Another popular perennial coreopsis is the large-flowered coreopsis (that’s what the species name grandiflora means), with quite a few popular selections. It begins flowering in early summer and, with deadheading, should produce more orange to yellow flowers throughout the summer. It, too, is native to southern states, can reach 1 to 2 feet tall.
The perennial lanceleaf coreopsis is another southern native, but also is found through the Midwest and is naturalized throughout northeastern states. It is, in many respects, similar to its large-flowered relative, and may hybridize with it.
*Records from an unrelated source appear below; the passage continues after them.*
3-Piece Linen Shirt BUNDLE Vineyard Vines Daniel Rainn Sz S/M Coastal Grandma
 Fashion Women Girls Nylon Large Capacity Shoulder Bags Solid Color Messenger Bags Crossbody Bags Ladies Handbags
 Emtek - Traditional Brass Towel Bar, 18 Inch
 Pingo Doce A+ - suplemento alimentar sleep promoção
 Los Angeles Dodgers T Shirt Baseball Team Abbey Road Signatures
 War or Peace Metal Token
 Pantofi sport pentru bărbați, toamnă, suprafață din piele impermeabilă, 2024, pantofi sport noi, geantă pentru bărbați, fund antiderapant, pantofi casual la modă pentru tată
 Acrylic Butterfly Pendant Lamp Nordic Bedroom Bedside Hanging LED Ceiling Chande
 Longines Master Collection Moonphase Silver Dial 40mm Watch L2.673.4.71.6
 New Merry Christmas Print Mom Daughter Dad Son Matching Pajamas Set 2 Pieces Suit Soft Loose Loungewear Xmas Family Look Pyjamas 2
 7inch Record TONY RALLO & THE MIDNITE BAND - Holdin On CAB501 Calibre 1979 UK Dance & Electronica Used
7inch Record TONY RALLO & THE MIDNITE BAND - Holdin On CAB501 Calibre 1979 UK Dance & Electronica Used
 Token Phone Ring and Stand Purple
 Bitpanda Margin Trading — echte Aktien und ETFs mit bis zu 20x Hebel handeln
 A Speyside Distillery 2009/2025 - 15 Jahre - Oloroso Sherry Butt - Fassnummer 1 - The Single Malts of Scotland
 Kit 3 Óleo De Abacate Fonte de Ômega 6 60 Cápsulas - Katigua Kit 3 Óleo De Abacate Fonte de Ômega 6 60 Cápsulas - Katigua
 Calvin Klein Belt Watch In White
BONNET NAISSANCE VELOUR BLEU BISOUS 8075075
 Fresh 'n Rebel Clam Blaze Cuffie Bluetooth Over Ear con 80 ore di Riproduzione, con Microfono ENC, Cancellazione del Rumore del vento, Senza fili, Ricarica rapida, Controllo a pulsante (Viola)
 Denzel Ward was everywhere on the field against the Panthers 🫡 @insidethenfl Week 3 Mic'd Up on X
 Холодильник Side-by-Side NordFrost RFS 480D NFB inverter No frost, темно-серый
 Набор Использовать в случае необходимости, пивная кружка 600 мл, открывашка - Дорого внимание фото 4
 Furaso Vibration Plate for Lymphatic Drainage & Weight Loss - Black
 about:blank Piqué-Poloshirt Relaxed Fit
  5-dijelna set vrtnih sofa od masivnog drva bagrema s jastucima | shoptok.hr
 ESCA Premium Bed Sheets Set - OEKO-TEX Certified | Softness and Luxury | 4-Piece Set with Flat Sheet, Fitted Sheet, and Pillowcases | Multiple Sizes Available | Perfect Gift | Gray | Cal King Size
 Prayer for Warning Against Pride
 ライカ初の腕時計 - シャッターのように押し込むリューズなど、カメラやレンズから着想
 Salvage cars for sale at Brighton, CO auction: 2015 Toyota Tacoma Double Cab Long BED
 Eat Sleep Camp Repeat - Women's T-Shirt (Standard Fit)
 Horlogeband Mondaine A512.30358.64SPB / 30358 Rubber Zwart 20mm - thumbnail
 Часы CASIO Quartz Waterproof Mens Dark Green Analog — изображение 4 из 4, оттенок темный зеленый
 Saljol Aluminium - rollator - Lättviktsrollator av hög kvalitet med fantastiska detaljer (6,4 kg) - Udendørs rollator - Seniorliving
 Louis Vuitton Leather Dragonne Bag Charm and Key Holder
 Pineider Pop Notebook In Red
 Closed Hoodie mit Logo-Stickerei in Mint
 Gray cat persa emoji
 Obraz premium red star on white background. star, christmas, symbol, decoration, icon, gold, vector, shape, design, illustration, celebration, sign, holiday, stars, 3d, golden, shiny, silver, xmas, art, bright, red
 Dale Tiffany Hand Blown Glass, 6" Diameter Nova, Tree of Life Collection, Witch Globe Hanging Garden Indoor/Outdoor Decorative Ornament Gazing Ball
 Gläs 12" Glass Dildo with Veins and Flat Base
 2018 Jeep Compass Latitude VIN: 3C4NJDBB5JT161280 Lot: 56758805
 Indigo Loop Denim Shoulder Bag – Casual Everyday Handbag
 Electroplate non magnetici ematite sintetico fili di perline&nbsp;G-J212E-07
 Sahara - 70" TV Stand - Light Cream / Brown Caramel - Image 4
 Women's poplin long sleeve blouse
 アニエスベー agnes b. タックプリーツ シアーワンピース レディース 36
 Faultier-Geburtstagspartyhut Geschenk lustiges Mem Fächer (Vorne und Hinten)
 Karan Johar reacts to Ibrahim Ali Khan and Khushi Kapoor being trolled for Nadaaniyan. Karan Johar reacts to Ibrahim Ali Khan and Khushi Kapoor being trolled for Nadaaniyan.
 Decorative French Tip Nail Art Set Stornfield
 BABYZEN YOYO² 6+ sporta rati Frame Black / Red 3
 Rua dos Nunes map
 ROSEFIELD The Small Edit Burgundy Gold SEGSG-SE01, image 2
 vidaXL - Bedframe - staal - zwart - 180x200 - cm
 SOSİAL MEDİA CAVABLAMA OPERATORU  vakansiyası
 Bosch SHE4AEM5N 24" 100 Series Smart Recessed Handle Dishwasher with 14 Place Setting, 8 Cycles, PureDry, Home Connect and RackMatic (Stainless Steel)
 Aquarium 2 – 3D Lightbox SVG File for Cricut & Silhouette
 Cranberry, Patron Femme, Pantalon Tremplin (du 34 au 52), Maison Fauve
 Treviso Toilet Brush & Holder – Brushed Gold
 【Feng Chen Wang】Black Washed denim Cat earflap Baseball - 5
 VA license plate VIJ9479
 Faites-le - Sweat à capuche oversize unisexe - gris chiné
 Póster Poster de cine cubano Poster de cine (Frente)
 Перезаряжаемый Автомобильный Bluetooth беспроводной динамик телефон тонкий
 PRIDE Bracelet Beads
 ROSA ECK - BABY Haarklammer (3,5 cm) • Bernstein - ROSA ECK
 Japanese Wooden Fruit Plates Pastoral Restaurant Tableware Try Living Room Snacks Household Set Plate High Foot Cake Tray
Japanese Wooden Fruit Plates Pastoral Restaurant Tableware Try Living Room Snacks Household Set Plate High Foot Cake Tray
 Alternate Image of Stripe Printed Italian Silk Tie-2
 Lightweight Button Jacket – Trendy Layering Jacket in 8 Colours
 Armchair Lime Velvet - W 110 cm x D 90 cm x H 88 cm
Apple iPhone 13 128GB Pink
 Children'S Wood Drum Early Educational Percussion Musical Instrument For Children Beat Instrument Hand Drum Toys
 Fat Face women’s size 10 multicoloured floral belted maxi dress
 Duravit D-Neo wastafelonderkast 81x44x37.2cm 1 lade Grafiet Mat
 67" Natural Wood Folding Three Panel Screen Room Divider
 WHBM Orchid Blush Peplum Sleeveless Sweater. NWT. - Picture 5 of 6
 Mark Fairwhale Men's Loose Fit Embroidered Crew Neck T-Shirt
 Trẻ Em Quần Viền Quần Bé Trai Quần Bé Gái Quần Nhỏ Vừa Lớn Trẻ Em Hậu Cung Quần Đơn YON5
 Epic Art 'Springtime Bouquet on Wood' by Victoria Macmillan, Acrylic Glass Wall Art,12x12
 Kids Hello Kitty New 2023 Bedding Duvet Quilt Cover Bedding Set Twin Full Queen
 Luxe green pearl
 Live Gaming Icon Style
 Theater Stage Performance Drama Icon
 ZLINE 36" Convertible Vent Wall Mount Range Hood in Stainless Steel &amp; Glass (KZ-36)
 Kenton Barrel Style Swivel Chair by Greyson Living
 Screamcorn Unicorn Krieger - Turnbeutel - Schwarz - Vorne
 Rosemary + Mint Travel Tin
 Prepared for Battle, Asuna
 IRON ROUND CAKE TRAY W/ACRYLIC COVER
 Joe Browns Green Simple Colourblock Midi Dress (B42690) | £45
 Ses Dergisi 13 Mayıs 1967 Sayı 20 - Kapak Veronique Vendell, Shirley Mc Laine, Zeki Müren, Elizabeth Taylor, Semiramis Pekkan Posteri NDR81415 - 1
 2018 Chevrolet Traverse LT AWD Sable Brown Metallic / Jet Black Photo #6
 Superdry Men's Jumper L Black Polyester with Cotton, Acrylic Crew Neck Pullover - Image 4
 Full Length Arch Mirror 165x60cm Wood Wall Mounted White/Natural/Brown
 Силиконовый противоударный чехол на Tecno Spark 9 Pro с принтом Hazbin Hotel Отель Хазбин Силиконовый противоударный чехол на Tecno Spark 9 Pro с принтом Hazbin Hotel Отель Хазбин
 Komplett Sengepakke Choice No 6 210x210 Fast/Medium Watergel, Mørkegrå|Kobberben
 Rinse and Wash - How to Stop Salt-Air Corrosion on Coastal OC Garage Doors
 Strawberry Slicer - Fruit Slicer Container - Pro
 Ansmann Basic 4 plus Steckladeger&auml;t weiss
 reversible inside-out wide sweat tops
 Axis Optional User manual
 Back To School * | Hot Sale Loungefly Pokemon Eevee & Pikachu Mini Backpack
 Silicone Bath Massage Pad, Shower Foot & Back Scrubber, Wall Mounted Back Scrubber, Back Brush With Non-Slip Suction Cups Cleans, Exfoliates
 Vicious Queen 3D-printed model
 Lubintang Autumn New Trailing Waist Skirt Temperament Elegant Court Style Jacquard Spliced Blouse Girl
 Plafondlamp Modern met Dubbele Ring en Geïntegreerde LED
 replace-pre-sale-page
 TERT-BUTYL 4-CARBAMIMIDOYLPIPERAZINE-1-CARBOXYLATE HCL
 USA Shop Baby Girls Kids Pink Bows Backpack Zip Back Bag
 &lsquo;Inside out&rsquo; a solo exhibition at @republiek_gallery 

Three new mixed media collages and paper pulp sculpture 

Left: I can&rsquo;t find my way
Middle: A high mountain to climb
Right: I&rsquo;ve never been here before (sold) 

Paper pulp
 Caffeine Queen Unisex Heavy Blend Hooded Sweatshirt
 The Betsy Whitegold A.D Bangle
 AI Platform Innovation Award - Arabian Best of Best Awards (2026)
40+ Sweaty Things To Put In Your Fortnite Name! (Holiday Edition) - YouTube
This one, though, may be longer lived and has most of its leaves at the base of plants.
The pink coreopsis species is native from Nova Scotia to Maryland, so performs best in zones 4 to 7. Some of its selections or hybrids may not be quite so winter tolerable. What you find for sale is under one foot high, the rose-pink summer flowers having yellow centers. It has fine, thread-like leaves.
To keep tickseed flowering, you must deadhead, or cut away spent blooms. But that’s about all the attention you need to pay to these hardy beauties.
While this attractive bloomer most definitely has a preference for full sun, it is considerably less particular about soil type. It will grow in acidic, slightly alkaline, sandy, or loamy soil, or even clay.
Fertilization of growing coreopsis is not necessary. Actually, too much fertilizer may inhibit flower production. All you should need to do is add a little compost in the spring.
Coreopsis will need regular water when first planted until they are established. After that, they are drought tolerant. Water the plants deeply at least once a week to help new roots grow down deeply. Soil should be damp at about 1 inch below the soil surface. Early morning watering is best, so the leaves have a chance to dry during the day.
Although they are rugged plants, they don't tend to live more than 3 to 5 years. A decrease in flowering is a signal it is time to divide the plants or plant some new ones from seed. For perennial coreopsis, if they begin looking weak with fewer flowers after three years or so, divide them if needed in spring or early fall.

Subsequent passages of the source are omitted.